Ich habe ein rechteckickes Bild.

Nun möchte ich daraus ein abgerundetes rechteck ausschneiden.

Mit dem ausschneide Werkzeug kann man zwar ein abgerundetes rechteck ausschneiden aber nur mit einem Verlauf(weiche kannten).

Geht das auch ohne Verlauf, sowie man mit dem normalen rechteckwerkzeug etwas ausschneiden kann.

Ich hoffe Ihr wisst was ich meine.
Ich finde jedenfalls keine Option dafür.

Version: Photoshop CS

Gruss


----------



## susi22 (12. Juni 2005)

Hallo Xtramen,
 ich hätte vielleicht sogar eine Lösung- ich handhabe solches immer so:

 Ich öffne eine neue "Datei" setze dort eine "eigene Form" (mit abgerundeten Ecken- ein und markiere diese dann.
 Jetzt wechsle ich zum anderen Bild und markiere es ganz einfach- dann oben auf Bearbeiten und kopieren klicken-
 Jetzt wieder zur Datei mit der Form wechseln (die Form ist noch markiert)- wieder oben auf Bearbeiten gehen und dann klickst du auf "in Auswahl einfügen". ;-)
 Jetzt kannst du das eingefügte Bild noch bearbeiten...größe anpassen, drehen, etc. ...

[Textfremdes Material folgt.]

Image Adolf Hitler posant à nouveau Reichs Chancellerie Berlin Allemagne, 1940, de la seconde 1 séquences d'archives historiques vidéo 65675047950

 Diese Art finde ich sehr vorteilhaft, wenn man um Bilder einen Rahmen oder ähnliches setzen will, das spart Platz bei der Ebenenansicht...


----------



## versuch13 (12. Juni 2005)

Auwahl > Auswahl verändern > Auswahl abrunden ...

 Dann einfach die Auswahl invertieren, und dann den Inhalt löschen.



 Gruß


----------



## xtraMen (12. Juni 2005)

Hey DAnke euch vielmals.
Habe aus beiden Lösungen was gelernt, danke.

Gruss


----------



## susi22 (12. Juni 2005)

versuch13 hat gesagt.:
			
		

> Auwahl > Auswahl verändern > Auswahl abrunden ...
> Dann einfach die Auswahl invertieren, und dann den Inhalt löschen.
> Gruß


 
 Auch ich muss danken...- diese Variante kannte ich auch noch nicht


----------